Families and Domestic Violence

Module Sections:

Applying the Framework & Post-Test

Yin’s Family Vignette

Yin is a 38-year-old woman who relocated with her husband and two children from Thailand to the United States. Both she and her husband experienced a difficult adjustment to living in the United States. Despite his attempts to secure a job in his uncle's business, Yin's husband was unable to find a job that fit with his interests and skills. He, therefore, worked as a custodian in a school, became increasingly depressed, and began drinking alcohol excessively. Yin worked as a waitress in a restaurant and the children attended school. Yin and her husband at times discussed possibly moving back to Thailand particularly when they notice people at work or at their children's school make derogatory comments about their Asian accent and their immigration status.

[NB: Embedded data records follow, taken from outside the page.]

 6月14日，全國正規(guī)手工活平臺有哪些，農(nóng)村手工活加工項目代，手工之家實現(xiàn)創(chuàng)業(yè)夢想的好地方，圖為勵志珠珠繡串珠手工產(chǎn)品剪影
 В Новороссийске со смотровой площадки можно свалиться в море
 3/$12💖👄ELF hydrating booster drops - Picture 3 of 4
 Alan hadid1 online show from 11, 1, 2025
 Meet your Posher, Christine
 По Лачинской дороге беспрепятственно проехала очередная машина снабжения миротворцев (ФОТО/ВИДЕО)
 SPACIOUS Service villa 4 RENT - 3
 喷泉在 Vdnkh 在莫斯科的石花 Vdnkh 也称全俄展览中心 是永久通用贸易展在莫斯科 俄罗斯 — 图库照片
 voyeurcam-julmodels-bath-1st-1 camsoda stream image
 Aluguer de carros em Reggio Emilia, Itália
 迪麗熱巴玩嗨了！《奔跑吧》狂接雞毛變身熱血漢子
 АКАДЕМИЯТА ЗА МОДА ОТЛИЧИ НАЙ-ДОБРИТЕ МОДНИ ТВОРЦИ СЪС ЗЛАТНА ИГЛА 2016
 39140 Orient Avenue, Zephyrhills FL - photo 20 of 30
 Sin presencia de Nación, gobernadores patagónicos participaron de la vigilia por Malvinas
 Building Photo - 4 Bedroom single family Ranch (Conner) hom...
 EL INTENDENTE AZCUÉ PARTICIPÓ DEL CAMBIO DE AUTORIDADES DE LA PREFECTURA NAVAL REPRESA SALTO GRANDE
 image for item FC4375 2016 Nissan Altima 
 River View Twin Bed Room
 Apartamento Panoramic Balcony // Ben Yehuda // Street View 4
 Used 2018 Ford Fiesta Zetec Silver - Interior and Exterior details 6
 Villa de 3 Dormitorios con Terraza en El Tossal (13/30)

Approximately one year after their arrival to the United States, Yin's husband began to hit her and verbally abuse her. The frequency of the abuse increased with her husband's alcohol abuse. The children witnessed these incidents almost routinely and felt helpless to protect themselves and their mother. Yin made several attempts to talk to her husband about his behavior. However, he kept none of his promises to stop hitting her. Yin thought about leaving her husband, but worried about the future of her status as an immigrant, and the ability of her children to obtain a green card if she left him. The idea that she could return to Thailand without her husband also felt overwhelming, as she worried about how she would "fit in" to her community in Thailand as a single or divorced mother. After a few months, Yin revealed the abuse to her parents in Thailand. Although they expressed their sadness and concern for her, they were not able to think of ways to help her. She then spoke with members of her husband's family about the violence. They responded to her by stating, "It is your duty to take care of him. He is sick, and he needs your help. Think about the children. They need their father to get better." Eventually, constrained by practical difficulties, and influenced by family, cultural, and gender-role expectations, Yin came to see the abuse as the inevitable consequence of her husband's stress and culture shock, in other words, “it is not her husband's fault." Rather than defining her situation as unacceptable, she normalized her particular experience, and defined it as her "cross to bear for the family's sake.”